前回の記事で、ケーススタディをもとにその原因を5つに分けて整理しました。この整理を元に、電子納税を普及させるための施策を挙げてみます。
説明のポイント
- 電子納税を推進するにはどうしたらいいのか。現場の視点から、ボトルネックを解消する改善案を挙げている
1.源泉税・住民税特徴の納付に特化した電子納税システムを新たに提供する
もっとも望ましいのは、国税・地方税で共通した電子納税専用サイトを新規提供し、ID不要で納付できるようにすることです。
その電子納税の機能は、源泉所得税の納付と、個人住民税(特別徴収)の納付に特化します。
イメージとしては、現在の「国税クレジットカードお支払サイト」が近いように思われます。(ただし、通常の源泉所得税の納付はこのサイトではできない)
現行のe-TaxとeLTAX(PCdesk)は、税理士が代理申請したIDと共通になっているために、会社での電子納税は利用しづらくなっています。
それなら会計事務所が会社と共有すればいい話なのですが、その共有のひと手間が難しいから、電子納税が進展しづらい事態に留まっているわけです。
とにかく電子納税をしてもらうためには、そのハードルをとりはらう必要があります。
2.インターネットバンキングの利用率を向上させる
電子納税が普及しない理由のひとつに、インターネットバンキングの利用率が低いことが関連していると思われます。
また、政府の目標として、中小企業におけるクラウド利用率を4割に引き上げることが掲げられています。そうであれば、インターネットバンキングの利用率を高める施策も必要といえるでしょう。
そこで提案するのは、法人が新規で申し込んだインターネットバンキング契約について、その利用料負担を一定期間で低廉(または無償)にする施策です。こうした誘導策は国ももっと本腰を入れてほしいものです。
インターネットバンキングの利用料は、中小企業が利用しない理由としてよく見られるものです。(参照:新経済連盟、第1回納税環境整備に関する専門家会合(2020年10月7日)資料)

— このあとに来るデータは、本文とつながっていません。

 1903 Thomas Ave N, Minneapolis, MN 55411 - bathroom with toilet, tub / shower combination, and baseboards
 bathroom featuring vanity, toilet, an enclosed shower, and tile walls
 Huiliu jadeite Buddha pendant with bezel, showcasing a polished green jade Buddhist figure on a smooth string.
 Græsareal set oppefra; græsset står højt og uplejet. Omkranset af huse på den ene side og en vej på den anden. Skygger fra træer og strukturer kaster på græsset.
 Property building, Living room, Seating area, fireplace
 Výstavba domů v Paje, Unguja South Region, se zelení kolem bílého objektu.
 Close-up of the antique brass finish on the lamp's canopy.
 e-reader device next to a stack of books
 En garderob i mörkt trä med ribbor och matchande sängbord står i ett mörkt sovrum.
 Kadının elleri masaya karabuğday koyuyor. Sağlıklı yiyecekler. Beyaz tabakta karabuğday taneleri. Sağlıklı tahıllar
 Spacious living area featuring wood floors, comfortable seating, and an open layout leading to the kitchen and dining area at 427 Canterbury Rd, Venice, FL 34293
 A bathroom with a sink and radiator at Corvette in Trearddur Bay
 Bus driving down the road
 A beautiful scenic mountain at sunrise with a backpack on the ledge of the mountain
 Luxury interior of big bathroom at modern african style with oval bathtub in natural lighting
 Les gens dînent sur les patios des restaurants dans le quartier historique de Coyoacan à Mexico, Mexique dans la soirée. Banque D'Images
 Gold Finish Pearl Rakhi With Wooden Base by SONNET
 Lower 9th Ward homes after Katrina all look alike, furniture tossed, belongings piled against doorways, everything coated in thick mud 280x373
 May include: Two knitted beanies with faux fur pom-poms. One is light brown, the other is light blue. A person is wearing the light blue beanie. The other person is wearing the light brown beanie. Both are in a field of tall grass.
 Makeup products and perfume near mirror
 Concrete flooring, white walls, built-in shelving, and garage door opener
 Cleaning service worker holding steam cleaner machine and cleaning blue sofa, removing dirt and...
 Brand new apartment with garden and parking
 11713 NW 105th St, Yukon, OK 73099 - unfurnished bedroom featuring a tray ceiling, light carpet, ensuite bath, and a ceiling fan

しかし、その理由が本当に「コスト」だけであるかは、首をかしげる点もあります。
いずれにせよ、とにかくインターネットバンキングを使ってもらわなければ、経理の「紙・ATM(窓口)」は今後もずっと続きます。
こうした施策は、効果の怪しい見かけ倒しの支援制度を作るよりも、よほどバックオフィスの生産性向上に寄与すると考えますが、どうでしょうか。
3.会計事務所の取り組み
上記の1、2のような取り組みが期待できない場合は、けっきょくのところ地道な取り組みにならざるをえません。
まず考えられるのは、「e-Taxソフト(WEB版)とPCdeskの操作について、わかりやすい解説を、税理士、職員、経理向けに提供する」ことです。
例えば、解説を動画で提供することや、e-Taxにおける電子納税をバーチャルで体験できる模擬テストページを作ることも考えられます。
現行の「e-Taxソフト(WEB版)」や「PCdesk」は、そのログインにIDと暗証番号が必要なため、これを知らされていない会計事務所の職員と会社の経理担当は、「会社でも電子納税できる」という実体験を有していません。
電子納税を会社でも積極的に利用してもらうよう、誘導する方法を考える必要があるでしょう。
次に、「代理取得した利用者識別番号は、本来会社のものであることを周知徹底する」ことも必要です。
前回の記事で、電子申告の普及のため会社の利用者識別番号(eLTAXのIDを含む)を会計事務所に代理取得させることを容認した結果、会社の電子申告・電子納税化を遅らせる副作用をともなったことを説明しました。
代理取得したIDは、会計事務所の内部だけで利用され、会社には共有されていない状態も多いと考えられます。
なかには、顧問契約の解除後であっても、利用者識別番号を会社に通知していないケースもあるようです。このケースは、各税理士会の綱紀規則にあると思われる「帳簿等返還義務」に違反する恐れもあるのではないでしょうか。
「代理取得した利用者識別番号は、本来会社のものである」ことの周知徹底は、遠回りですが、電子納税の普及のためにも重要なステップと考えます。
まとめ
電子納税の利用率を向上させるにはどうしたらいいのか? 電子納税について考え続けている一人の税理士の視点から、改善案を提供しました。
筆者は微力な立場にすぎませんが、この記事が誰かの目に触れて、ブレーンストーミングの役に立てば幸いです。
とくに、会計事務所が電子申告のIDを独占管理していることが電子納税のボトルネックとなっている可能性については、これまでほとんど指摘されたことがないと思われますので、当ブログの独自分析として再度強調しておきます。
ここで挙げた改善案には、このほかにも「電子納税の操作マニュアルを国税庁ホームページのわかりやすい場所に掲示する」「電子納税専用のサポートダイヤルを追加する」などがあります。
もっと過激な案としては、「紙の納付書の手数料徴収を容認する」などもありますが、話が尽きないので、このあたりでやめておきます。